Given that I agree with these premises, I am left to wonder whether my divergence from the views expressed elsewhere in the article could be ascribed to mere matters of technical implementation.

If a patient is transgender, nonbinary, or gender fluid, the article says, it’s important for physicians to know whether they’re on gender-affirming hormones. But this point is not necessarily limited to people who identify as transgender because we should always strive to append reference intervals that are as specific, accurate, and clinically useful as possible, to the extent we can. Dina Greene, PhD, makes this point in the article when she says “We do stuff like this all the time” and cites the example of therapeutic ranges for the drug tacrolimus that reflect the specific use of the drug and the clinical context (liver versus kidney transplant). Given the small size of the transgender population and its heterogeneity, accomplishing this would pose its own methodological challenges.

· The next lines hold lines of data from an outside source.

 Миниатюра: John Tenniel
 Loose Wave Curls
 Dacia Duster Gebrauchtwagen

Dr. Greene said the following comment could be appended to test results: “Please note that these are transgender reference intervals specific to people on gender-affirming therapy. If the patient is not on gender-affirming therapy, please use sex assigned at birth to interpret these results.” Another possible comment: “For transgender individuals on hormone therapy, use adult cisgender male for transgender men or people on masculinizing therapy; use adult cisgender female for transgender women or people on feminizing therapy.” I find this verbiage cumbersome and confusing, especially given that the goal of a laboratory report is to relay data in a manner that is concise and as immune from miscommunication as possible. Instead of a straightforward comment directed at a patient’s taking a particular steroid, we have a paragraph about transgender patients who may or may not be on “gender-affirming therapy.” Instead of simply referring to a female taking testosterone, we have “transgender men or people on masculinizing therapy” (assuming I understood that correctly).

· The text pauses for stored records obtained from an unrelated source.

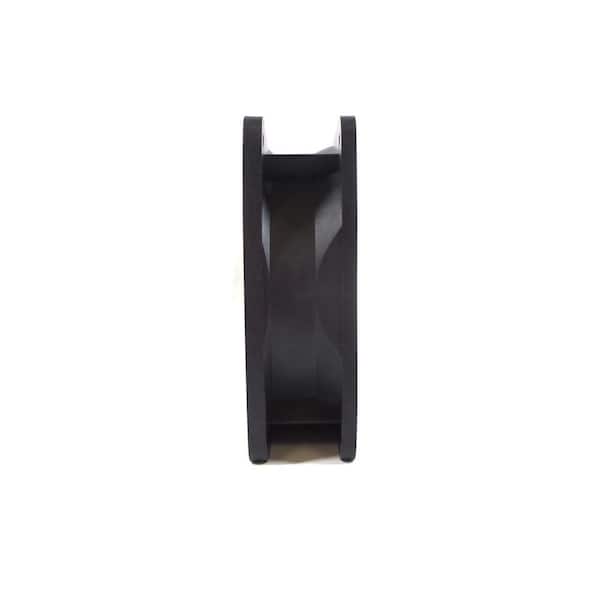 Unbranded - b-Blaster 120 x 38 mm 2 Ball Bearing High Speed 12-Volt DC Fan, Black
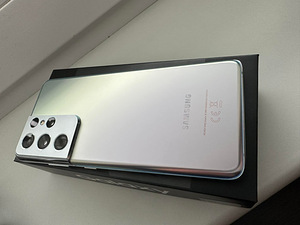 Samsung Galaxy S21 Ultra 5G (4 foto / 10)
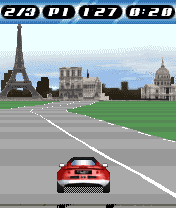Lotus Challenge: City Racing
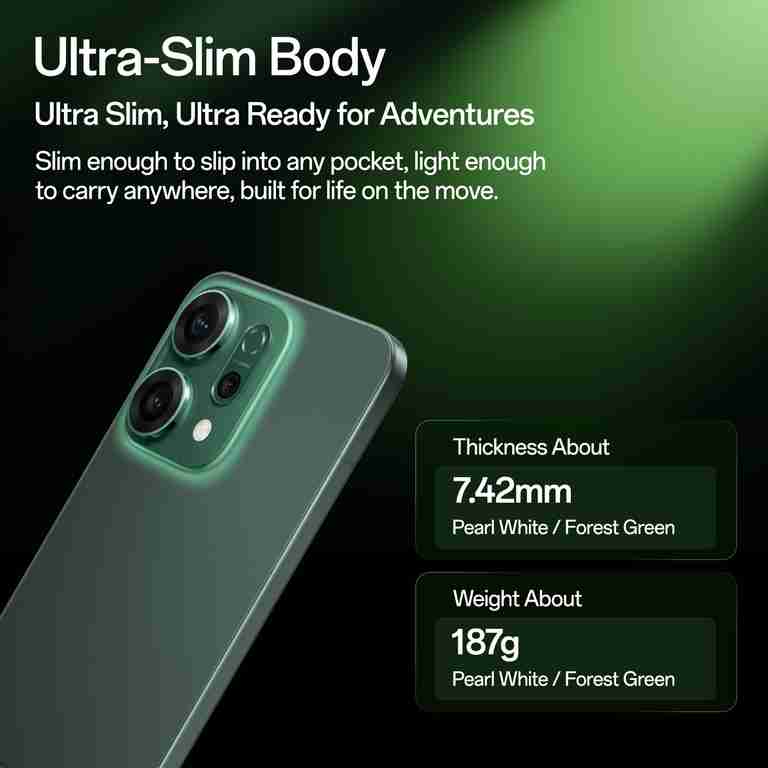 OPPO Reno 14 5G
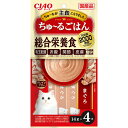 CIAO ちゅ〜るごはん まぐろ 14g×4本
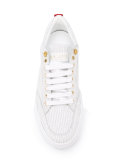 Tia Low Cervo Stampato板鞋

Including these comments in a laboratory report, in my view, is a misappropriation of our roles as laboratory physicians and scientists, which is to report our objective findings. Furthermore, we might do well to remember that it is our clinical colleagues who order tests with specific questions in mind and who, with their patients, must ultimately decide, using the results we provide, how best to proceed clinically. Our role in this process is best served by providing results, reference ranges, and commentary that are as accurate, concise, and objective as possible—and nothing more. These results are useful to the extent they reflect reality and provide guidance to the clinician and patient to assist them in making the clinical decisions they must make together. Trying to do anything else, including helping the doctors metaphorically see things our way, is inappropriate.

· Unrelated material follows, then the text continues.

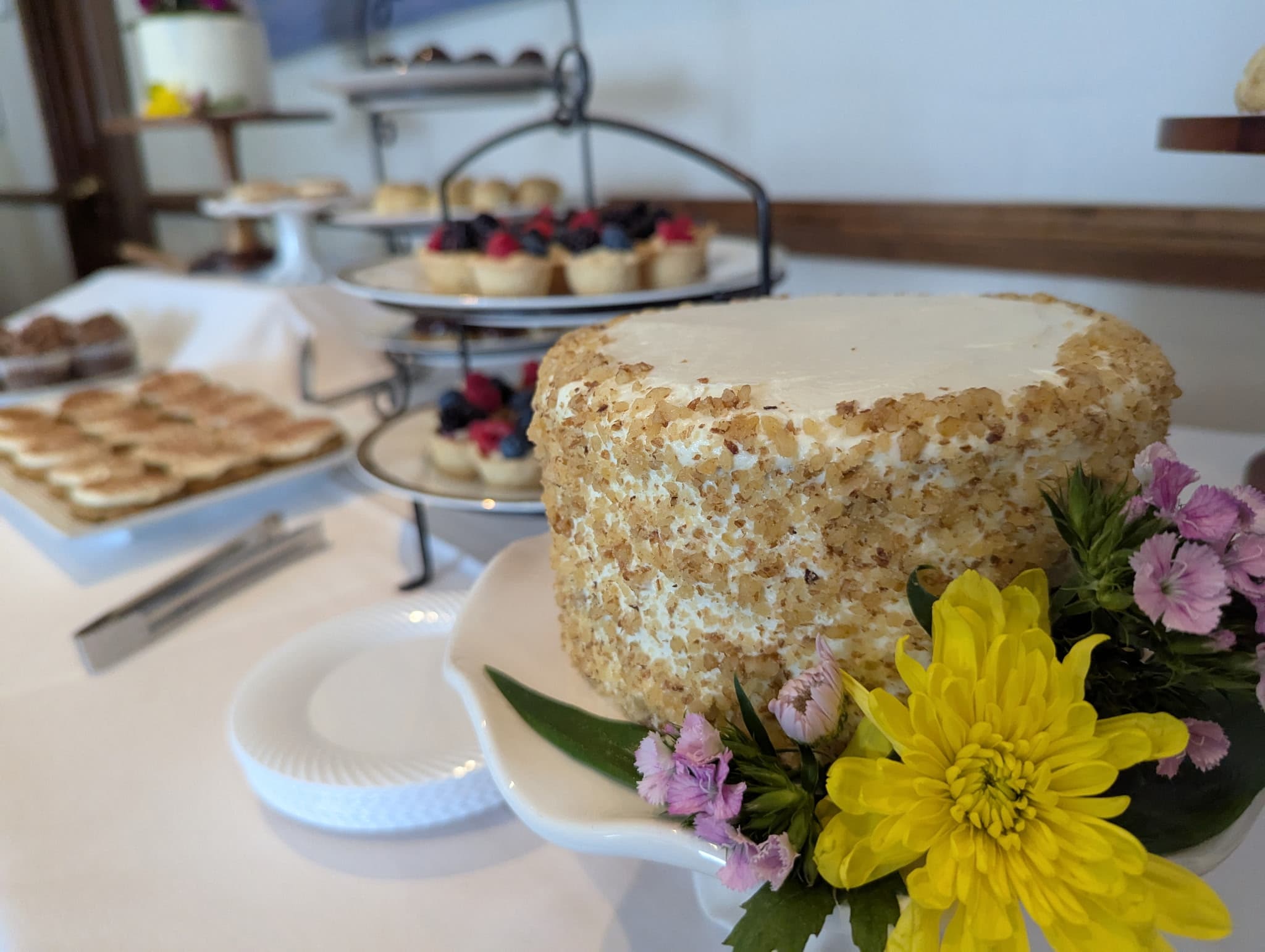 Elegant Event Catering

Dr. Winston-McPherson says misgendering a patient is a common problem among phlebotomy staff—for example, using an incorrect pronoun or title. She suggests that a transgender person’s possible hesitancy to return to the laboratory for sample collection as a result of a perceived negative interaction with a phlebotomist be considered a “preanalytical variable.” For reference I unearthed my Henry’s textbook, which defines preanalysis as all the complex steps that must take place before a sample can be analyzed. The text provides a relatively comprehensive list of possible sources of preanalytical error; it includes “patient-related variables (diet, age, sex, etc.), specimen collection and labelling techniques, specimen preservatives and anticoagulants, specimen transport, and processing and storage.” Nowhere is the use of a correct pronoun or anything remotely similar listed as a preanalytical variable.